I emailed the same site and the problem for me was the (lack of) electricity - 3 amps. What good is 3 amps? What would it power? I am OK for gas as I use the Gaslow system and I can hazard a guess that LPG is available readily on Sicily.

One thing that "worried" me slightly was maybe being the only Brit there - saying that I am on the only Brit in the village here too!

Saying that Bob, "let's do it, let's do it, let's do it tonight!" I do not think I would like three months there but mybe six weeks until the weather turns milder here in the north.

Russell


----------



## whistlinggypsy (May 1, 2005)

Russell, the 3 amp leccy is not a problem as i e mailed the site and they will supply 6 or 10amp as an extra, as for gas we are also gaslow users so again no probs. Do not worry about being the only Brit in the village i would get my wife to chaperone you.

The 3 months is a ball park figure, we would like to explore the island fully and if the weather is very good stay and enjoy it but doubt if we would stay the full three months. We would stay until the weather was suitable to travel north again and see some of the sites en-route.

My wife has never been to Rome or Naples (not to sure about Naples had some rough times there as a trucker) and she would like too visit Pisa as well, (she sort of leans that way). Then spend some time around some Perry before ambling home again through France.

Bob


----------



## Rapide561 (Oct 1, 2005)

*Sicily*

Bob

My lasing memory of Naples....

1) Taking a BOVA coach over a railway line

2) A fraudster dressed as a vicar trying to get money off the passengers

3) Some oink threatening to blow up the Bova in Sorrento!

Roma - fab fab fab

Plus en route, just off the A1 is a place called Chianciano Terme - my favourite place in Italy - I do not know why - I think it is the spa water!

Russell


----------



## whistlinggypsy (May 1, 2005)

Are you still intending to go too the Firework show at Sant Goar in September, i may see you before at a rally when we get home from France in June, we are going the Snelly's birthday bash and somewhere else but i have forgotten where for the moment (senior moment).

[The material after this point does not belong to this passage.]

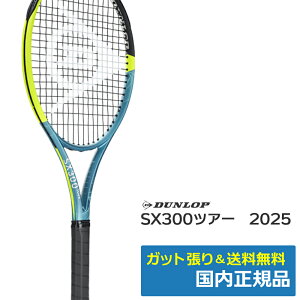 �_�����b�v DUNLOP SX300�c�A�[ 2025�N���f�� �d���e�j�X���P�b�g DS22500 �e�B�[��×�C�G���[ �������K�i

Hope your Oscar will be gentle with my pussy if we end up on the same site.

Bob


----------



## Rapide561 (Oct 1, 2005)

*Cost of living - Sicily*

Mmmmm

Wonder what the cost of living is on the island. Within a two mile radius of this site at Garda are four supermarkets. Dearest sells a litre of milk for €1.67 and the cheapest is just €0.53! I do not think there would be the same choices for shopping, and certainly no mint jelly!

Also, are there any low cost carriers to Sicily in case of emergency etc?

More research needed, but I do love my lake!

Russell


----------



## whistlinggypsy (May 1, 2005)

Russell, you appear to be making an Etna out of a molehill, Sicily is NOT some remote island off Madagascar it is only 35 minutes from mainland Italy, go to autoroute look at the toe of Italy and slightly too the left you will see Sicily.

Joking apart whatever it costs for milk, fuel, electric ect. is not our main concern we want a nice site so we are safe and comfortable, some nice people to chat with, some public transport, some nice bars and eating places and generally chill out for a few weeks, we only pass this way but once so ENJOY.

Bob


----------



## Rapide561 (Oct 1, 2005)

*Sicily*

Bob

I am on the A1 as we speak heading south to the sun! LOL

I do have to watch the budget a bit - 30 years to my pension!

Russell


----------